Michael Gove’s Stratford Speech.

imagesMartin Allen and Patrick Ainley

Attack is the best means of defence so Michael Gove earns top marks for coming out fighting in his speech at the London Academy of Excellence today. He has reinvented himself as the champion of social justice and opportunity to distract from his controversies with Ofsted!

Gove has gone further than Harold Wilson’s ‘grammar schools for all’ by promising ‘private education  for all’ – or at least state schools as good as private schools. His many detractors will point out this is impossible without equal pupil-teacher ratios, facilities and funding, let alone pupils’ very different types of cultural capital.

Even if Gove’s advocacy of social mobility sounds powerful, things have changed since the 1950s and ‘60s. Then a significant number of post-war working-class young people did indeed benefit from grammar schooling (which only mimicked the private schools). They did so through being able to move up alongside middle-class children as the economy expanded and white collar, managerial and professional   employment opportunities continued to grow.  How much educational benefit  they got from the sort of curriculum that Gove now wants to re impose is an entirely different question.

In today’s labour market however, the majority of young people are likely to end up worse off than their parents, regardless of the type of curriculum they follow.  In fact, evidence from the most recent UKCES skills survey ( http://www.ukces.org.uk/news/Press-releases/2014/Jan/SKILLS-SHORTAGES-ACCELERATE) suggests that employers who  do take on school, college and university leavers, are generally happy with their educational attainment.  It also confirms that   the main reason for persisting high levels of youth unemployment is that there is too much competition for too few jobs with employers giving preference to more experienced adults.

With few other opportunities, it isn’t surprising that university applications from 18 year olds are also at their highest ever. Especially from young women for whom there are even fewer labour market options.

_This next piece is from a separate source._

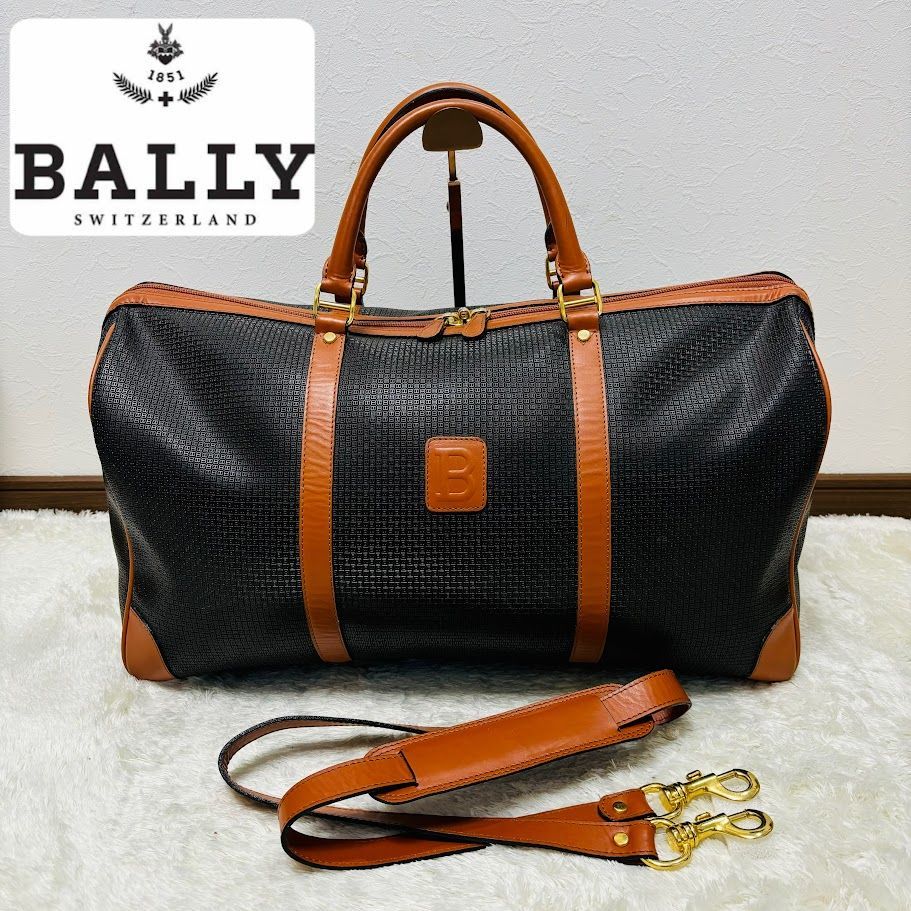 BALLY バリー ボストンバッグ 旅行カバン トラベルバッグ エンボス加工 型押し Bロゴ バイカラー PVC 2way レザー ブラック 黒  ブラウン 茶 ゴールド金具 - メルカリ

So Gove’s policies, which seek to complete a Great Reversal of comprehensive education reforms, are much more about using secondary schooling to enforce social discipline on young people. But imposing practices and sanctions from the past – like writing lines and picking up litter   – or  having to attend   after school activities is more likely to have the opposite effect.

 It may be the case that after the economy went into recession in the 1970s with more or less permanent youth unemployment thereafter, comprehensive schools didn’t really improve the relative chances of working-class young people. But at least by encouraging greater social mixing, developing a new type of curriculum and changing the way it was delivered, comprehensives did try to make education more relevant to young people’s needs and schooling a more legitimate form of activity not to mention  a more enjoyable experience.

Gove’s Great Reversal is given a spring board as a result of Labour complying with a large part of his programme. So it’s left to teacher unions, whose members are already subject to further attacks on conditions of service and pay, to promote real alternatives.

3 thoughts on “Michael Gove’s Stratford Speech.

  1. “suggests that the 1 in 4 of employers who do take on school, college and university leavers, are generally happy with their educational attainment”

    By the same token, that suggests that 3 in 4 are not. That’s not a great statistic. There might be many reasons for that, but I think you are correct in the assertion that Chairman Gove’s “Great Leap Forward” isn’t the way to address the problem. I think most people will see through the obvious stupidity of the Stratford speech. Private school levels of attainment are only going to be possible with comparable levels of resourcing, which includes facilities and teaching, nd for classes where staff:pupil rations are more favourable. None of these things are really going to happen, and I think most people can see it.